Although Amit is not a native Spanish speaker, he is a deep well of information with a blog that includes tips and tricks on fluency, cultural information and examples of regional variations. Amit’s posts are categorized into eight helpful sections: vocabulary, immersion, music, tips and tricks, street Spanish, deconstruction, movies and shows, and finally, resources. There is a lot of excellent information here that is of use to all levels of Spanish language learners.
“My Spanish Adventure” is a wonderful idea for a blog. Will Peach did something that many people dream of, and that’s to leave the 9-5 and go traveling. He followed his heart to Spain to become fluent in Spanish and learn more about the country. His blog posts read like a close friend sending you notes from abroad, but each one has something valuable about the country and the language. He shares stories about his experiences and some of the joys and challenges of learning a foreign tongue, some of which will be familiar to readers.
Blog posts are categorized into four sections: immersion in Spain, what to see in Spain, save money in Spain and is Spanish hard to learn? As you can imagine with someone who’s traveling through the country, the range of topics is immense, everything from tourist information such as great places to surf to essential how-to guides. Will is an engaging and entertaining writer and some of the posts are in Spanish.
For the Spanish learner who wants to push themselves ever further, this series of posts will give the language center of the brain a thorough workout. “Spanish Obsessed” is a comprehensive Spanish learning website run by English native and fluent Spanish speaker Rob and his Colombian partner Liz.
One of the really neat aspects about their blog posts is that they are written in both languages. Rob writes in English and Liz in Spanish. Their posts explore many aspects of the language from basic, intermediate and advanced vocabulary and phrases to insightful articles about its structure and how best to go about learning the language. Rob’s posts cover topics such as getting to grips with the subjunctive, memory tricks to help you learn, and a guide to ser and estar(Spanish language learners will know how tricky it is to master the two forms of the verb “to be”). Liz’s posts are on anything and everything, such as vacations and following the peace process in Colombia. They provide the Spanish language learner with a lot of good reading practice.

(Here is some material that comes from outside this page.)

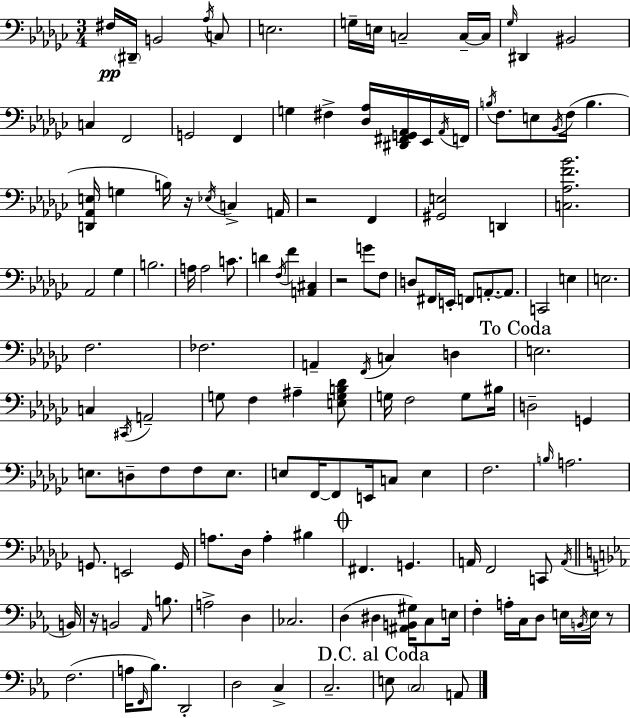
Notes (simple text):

You’ve probably heard it a million times before, but it’s always worth repeating. The Spanish you learn in the classroom, while being supremely useful of course, is not the language of the street. To sound even more Spanish you must familiarize yourself with everyday words and phrases, and that is the intent behind “Speaking Latino”.

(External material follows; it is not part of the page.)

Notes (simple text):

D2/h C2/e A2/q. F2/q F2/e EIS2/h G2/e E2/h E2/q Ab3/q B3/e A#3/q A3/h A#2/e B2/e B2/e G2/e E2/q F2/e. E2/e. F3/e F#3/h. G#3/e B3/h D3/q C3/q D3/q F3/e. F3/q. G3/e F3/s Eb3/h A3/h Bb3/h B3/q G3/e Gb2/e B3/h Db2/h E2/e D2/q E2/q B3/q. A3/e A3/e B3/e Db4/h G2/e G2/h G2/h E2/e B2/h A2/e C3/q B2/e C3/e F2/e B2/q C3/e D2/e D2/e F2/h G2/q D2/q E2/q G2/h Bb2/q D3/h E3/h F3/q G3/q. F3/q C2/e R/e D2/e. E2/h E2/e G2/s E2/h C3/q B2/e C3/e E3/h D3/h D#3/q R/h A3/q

The blog is all about Spanish slang and speaking Spanish in the real world. And whether you will be traveling to or working in Argentina, Chile, Spain or another Spanish-speaking country, there’s a series of blog posts for you. The articles are categorized according to countries, so there’s Ecuadorian Spanish, Peruvian Spanish, Mexican Spanish and so on. In all, the Spanish of 12 countries is featured, as well as a section on general Spanish. The posts are short, sharp, to the point and are stuffed with everyday Spanish used in the country of your choice. They cover a multitude of topics such as politics, slang expressions from different regions of a country, and even expressions used to insult someone!
In addition to all the great videos and audios, “Notes in Spanish” also runs a blog for the Spanish learner of all levels. This comprehensive website is run by a Madrid-based couple: Ben who’s an Englishman and Marina Diez a native Spanish speaker. The posts are typically based on a single topic and include the key words and phrases you are likely to hear in conjunction with the post’s theme. Each post is well constructed, informative and nicely presented. The blog also promotes the couple’s excellent podcast and video series.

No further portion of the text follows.